第6話「その笑顔の下に」

今日は“お客さん”の立場。

……そのはずなのに、肩の力が抜ける瞬間が一度も来ない。


私はリングサイドの一角に座って、黙ってエリカを見ていた。


前の控室では、エリカとミクがなにやら楽しげに談笑していた。


「お前キャラ付けじゃなくて、本当に人妻なんだな。で、どうやって旦那見つけたんだ?」


エリカがいつもの軍人口調で聞いたとき、ミクの表情がぱっと華やいだ。


「お見合いですのよ!彼、年下でしてよ?お坊ちゃんでして、お育ちも良くて、でもお実家での扱いがあまりにも悪うございましたから、わたくし、どうしても放っておけなくて……わたくし、尽くすタイプですの!」


そこからがすごかった。

ミクの口からは夫の実家の格式やら、婚前交渉の是非やら、初夜の感想未遂やらが雪崩のように飛び出し、エリカの顔からは段々と“恫喝中隊長”の威圧感が削げていった。


「……なんかすげーな、アンタ」


さすがのエリカも、ちょっと引いてた。珍しく、口調が揺れてたのを私は見逃さなかった。


けど――笑ってもいられない。


私はルミから告げられた一言が、耳から離れなかった。


> 「エリカさんは、今はギリギリで踏みとどまってます。でも……性の境界があいまいな人です。運悪く誰かを傷つける前に、止めなきゃいけない」


そして今日のマッチアップだ。

エリカの相手は、やたらマッチョな学生風の男。明らかに身体能力では差があった。けど、エリカはまるで倒されることが計算のうちであるかのように、ノーガードで殴られ続けた。


血が出るほどの顔面パンチを喰らっても笑っている彼女を見て、私はなんともいえない嫌な寒気を覚えた。


それでも、最終ラウンドで逆転し――エリカはいつものように、リングに仰向けに寝転んで言った。


「さぁ、報酬の時間だ。
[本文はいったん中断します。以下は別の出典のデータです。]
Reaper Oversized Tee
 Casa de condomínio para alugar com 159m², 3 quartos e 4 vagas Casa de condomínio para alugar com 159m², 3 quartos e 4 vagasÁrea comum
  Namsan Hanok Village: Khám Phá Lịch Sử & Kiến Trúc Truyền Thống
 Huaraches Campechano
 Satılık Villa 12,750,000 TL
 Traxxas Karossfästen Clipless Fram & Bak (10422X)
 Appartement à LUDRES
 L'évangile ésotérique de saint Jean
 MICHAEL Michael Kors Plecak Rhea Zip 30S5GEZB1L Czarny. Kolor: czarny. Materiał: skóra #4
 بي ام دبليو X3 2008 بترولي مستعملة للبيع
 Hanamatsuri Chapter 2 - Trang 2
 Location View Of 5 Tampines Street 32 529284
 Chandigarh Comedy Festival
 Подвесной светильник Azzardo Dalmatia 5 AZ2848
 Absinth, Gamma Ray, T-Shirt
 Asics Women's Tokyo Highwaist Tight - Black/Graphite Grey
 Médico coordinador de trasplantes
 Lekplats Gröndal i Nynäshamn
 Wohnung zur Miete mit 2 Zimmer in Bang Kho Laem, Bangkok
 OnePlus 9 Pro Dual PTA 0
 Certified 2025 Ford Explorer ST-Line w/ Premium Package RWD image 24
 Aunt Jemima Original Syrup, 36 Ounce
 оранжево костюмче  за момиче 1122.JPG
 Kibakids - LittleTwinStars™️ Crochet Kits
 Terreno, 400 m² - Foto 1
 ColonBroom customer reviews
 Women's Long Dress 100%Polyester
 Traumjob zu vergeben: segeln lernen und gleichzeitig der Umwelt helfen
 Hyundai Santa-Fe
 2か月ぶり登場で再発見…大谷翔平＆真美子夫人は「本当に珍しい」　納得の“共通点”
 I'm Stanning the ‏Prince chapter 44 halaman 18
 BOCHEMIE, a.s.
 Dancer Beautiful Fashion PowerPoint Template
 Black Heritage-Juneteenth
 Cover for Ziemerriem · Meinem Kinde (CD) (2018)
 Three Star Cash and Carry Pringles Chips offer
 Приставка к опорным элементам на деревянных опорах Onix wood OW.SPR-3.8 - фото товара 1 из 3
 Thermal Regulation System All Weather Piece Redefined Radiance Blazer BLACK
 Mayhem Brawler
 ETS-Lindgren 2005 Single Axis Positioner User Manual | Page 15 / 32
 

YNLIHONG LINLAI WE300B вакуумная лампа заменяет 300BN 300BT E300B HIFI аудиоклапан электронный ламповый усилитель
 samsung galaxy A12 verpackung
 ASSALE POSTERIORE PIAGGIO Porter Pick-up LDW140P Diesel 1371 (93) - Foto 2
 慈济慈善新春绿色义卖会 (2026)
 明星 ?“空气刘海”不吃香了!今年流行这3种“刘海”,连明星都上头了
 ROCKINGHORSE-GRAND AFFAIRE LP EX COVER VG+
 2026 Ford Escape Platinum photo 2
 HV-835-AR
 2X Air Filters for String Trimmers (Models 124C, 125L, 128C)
来い、兵士。上から貫け、指示を待つな」


観客席の一部が沸いた。だが、私は見てるだけじゃない。


私は走った。ルミの指導で身につけた“邪魔の技術”をフルに使う番だ。


私はリングに駆け込み、マイクを奪った。


「――ストーップ!その兵士、既婚女性にお仕置きされる可能性あり!」


ミクを見た。彼女は何のことか分かってない顔をしていたけど、「男性が指示を待たずに勝手な行動をすることの危うさ」について演説を始めさせた。しかも“夜のふるまい”を含めた例を山ほど。


エリカは完全にペースを乱され、リングの上で赤面して立ち上がった。


試合は中断。“敗者”の男子は保護され、何とか事なきを得た。


楽屋裏に戻る途中――またエリカは、一瞬だけ怯えた顔をした。私は、それを見逃さなかった。


(ルミの言葉……思い出す)


> 「彼女は元・軍の士官です。しかも、かなり優秀だった。でも、男性ゲリラへの性的加害で除隊処分になった疑いがあります」


> 「もし本当に彼女が暴走すれば、私――警察庁最強とされるこの身でも、抑えきれるかはわかりません」


本当にそんなことが――あるのか?

今の彼女が“モンスター”には見えない。むしろ、どこか哀れにさえ見える。

だが、その素顔が何であれ、私は……このまま放っておけない。


そんなことを考えているうちに、照明が落ち、今夜の“メインイベント”が終わった。


---


視点はルミへ。


リング裏、シャワールームから戻ったルミは、髪をタオルで拭きながら歩いていた。


背後に気配――そして、しなやかな布の音。


現れたのは、黒いドレスに黒い手袋、黒いフードをつけた“支配人”。


「ご活躍、拝見しました。あの方もご満悦です。つきましては――あなたを謁見にお招きしたいと」


ルミの背筋が、冷たく硬直した。

それでも、女王様キャラの面は崩さない。


「……光栄ね。けれど、相手が仮面舞踏会の主催者となると、靴くらいは磨いてから伺いたいわ」


黒衣の女は、くすりと笑った。


「では、お待ちしております。仮面の下の貴女を――あの方も、きっと楽しみにしていますよ」


照明の残光の中、黒衣の女は音もなく消えていった。


ルミはその場でしばらく立ち尽くし、そして――低く息を吐いた。